HongShan Capital Group (HSG), a Chinese venture capital firm, has recently launched Xbench, an innovative benchmark for AI models that emphasizes their ability to perform real-world tasks rather than merely passing tests. This development stems from a desire to assess AI investments more meaningfully following the success of ChatGPT.
Traditional benchmarks often focus on theoretical assessments of an AI model’s capabilities. Xbench, however, aims to redefine effectiveness by evaluating models based on executing practical tasks relevant to a range of industries. This approach could provide deeper insights into a model’s market applicability, potentially transforming how firms gauge AI effectiveness and investment viability.
This week, HSG made part of Xbench’s question set open-source, allowing broader access for developers and researchers. The initiative includes a public leaderboard to compare main AI models, where ChatGPT o3 currently ranks first among competitors like ByteDance’s Doubao and Grok. This transparency may encourage more meaningful improvements across AI platforms as they adapt to the evolving benchmarks.
Since its inception in 2022, Xbench has evolved from an internal tool at HongShan for assessing investment opportunities into a more refined public asset, spearheaded by partner Gong Yuan. The shift in approach showcases the usefulness of inviting external expertise to enhance the testing mechanisms, leading to a well-rounded benchmark that addresses industry demands.
Xbench evaluates models through two distinct methodologies: a traditional academic assessment and a practical evaluation similar to a job interview. The academic approach, Xbench-ScienceQA, involves rigorous postgraduate-level questions across various fields, encouraging models to provide answers that exhibit logical reasoning. Meanwhile, Xbench-DeepResearch scrutinizes models’ capabilities in navigating content specific to the Chinese-language web, addressing a key gap in traditional AI assessments.

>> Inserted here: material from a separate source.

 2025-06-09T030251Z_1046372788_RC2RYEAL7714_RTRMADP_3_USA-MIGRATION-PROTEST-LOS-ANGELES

With features that aim to assess raw intelligence and practical skills, Xbench will regularly update its test questions every quarter, maintaining a mix of public and private datasets to ensure ongoing relevance. Future integrations could assess additional dimensions like creativity and collaboration in AI models, further enhancing the benchmarking landscape.
The benchmark includes real-life workflow simulations such as recruitment tasks and marketing responsibilities. For example, tasks require models to identify qualified candidates for battery engineering positions or align advertisers with content creators, indicating a clear shift towards asking AI systems to perform valuable, market-driven work.
As Xbench plans to introduce new evaluation categories, including finance and legal domains, it highlights the vested interest in developing AI’s functional capabilities across sectors. The lead researcher from the upcoming LiveCodeBench Pro, Zihan Zheng, acknowledges the challenging nature of quantifying real-world tasks but has noted that Xbench lays a promising foundation for addressing these concerns moving forward.